デスノート Light up the NEW world

(C)大場つぐみ・小畑健/集英社 (C)2016「DEATH NOTE」FILM PARTNERS

 キラ/夜神光(ライト)とL/竜崎が存在しない世界に、再びばらまかれた6冊のデスノート。それはどんな事態を引き起こすのか?

 では、早速まいりましょうか♪

 

 大場つぐみ&小畑健のコミック作品『デスノート』が、藤原竜也と松山ケンイチのダブル主演で映画化されたのが10年前。

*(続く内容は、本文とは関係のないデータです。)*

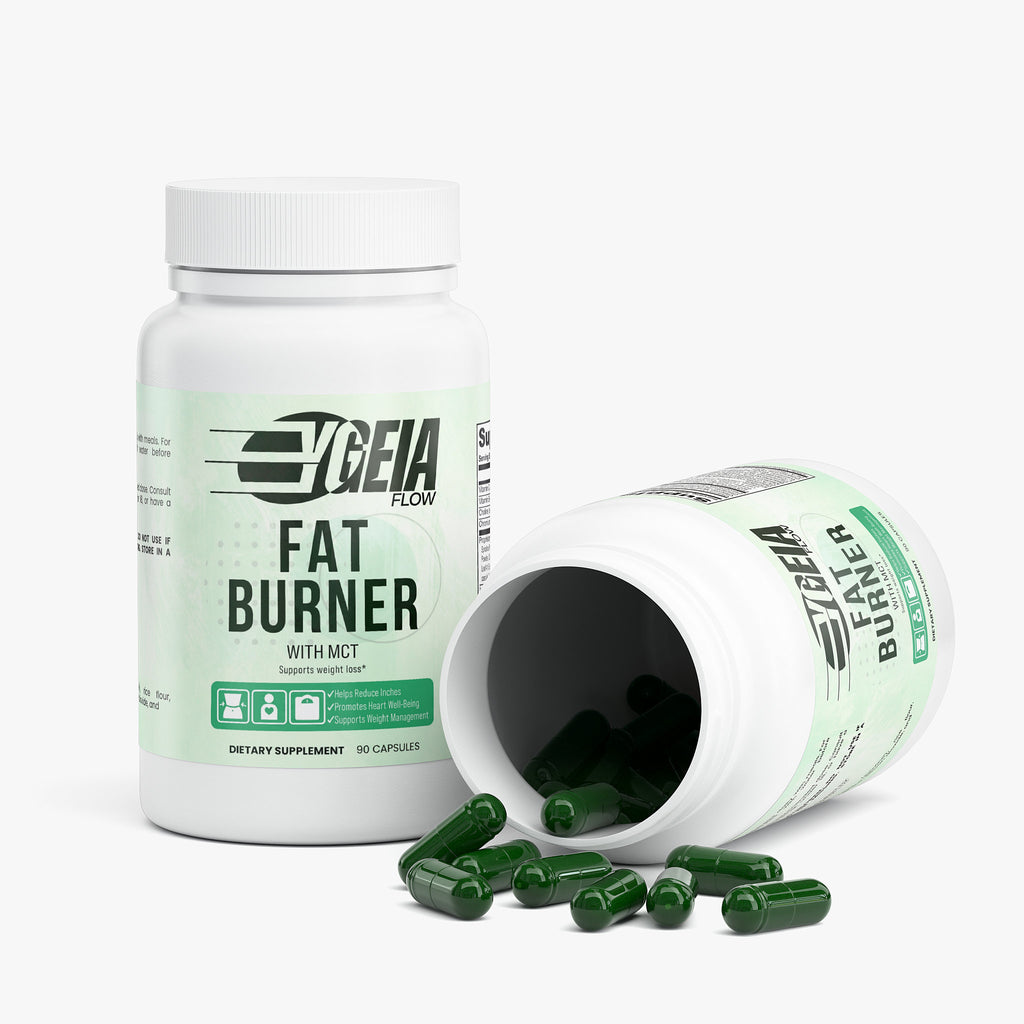 YGEIA Flow - Fat Burner with MCT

 この作品で世界的名探偵Lを演じた松山ケンイチは、2006年の日本アカデミー賞優秀助演男優賞を受賞しました。(「出世作」とも言えましょうか。)

 今回はその2006年に前・後編で公開された『デスノート』及び『デスノート the Last name』の10年後の世界を舞台に、夜神月(ライト)やL/竜崎の後継者を自認する者たちにより6冊のデスノートを巡る争いが繰り広げられます。

「デスノート」(第一作)

(C)大場つぐみ・小畑健/集英社 (C)2016「DEATH NOTE」FILM PARTNERS

 コミックを原作として映画化された作品はどうしても原作との比較に焦点が当てられざるを得ず”残念な作品だった”という例があまたあるワケですが、10年前の映画化作品については「名作」という評価が大勢でした。

(※まあ…「るろうに剣心」や「ちはやふる」などは成功した部類に入ると言ってもいいでしょうが。)

 そうなりますと、当然に今回の新作『デスノート Light up the NEW world』は大成功だった10年前の前・後編作品と比べられるのは避けられません。

 結果、どうであったか? 賛否両論あるかもしれませんが、僕の見立てでは残念な評価です。

 前回(と原作)では二冊のデスノートが人間界にもたらされたのですが、今回は一挙6冊!? しかも主人公三つ巴!? 

 この時点で既に、大盤振る舞いと言いますか、デフレといいますか、"やっちまったな感”がありましたけれど…。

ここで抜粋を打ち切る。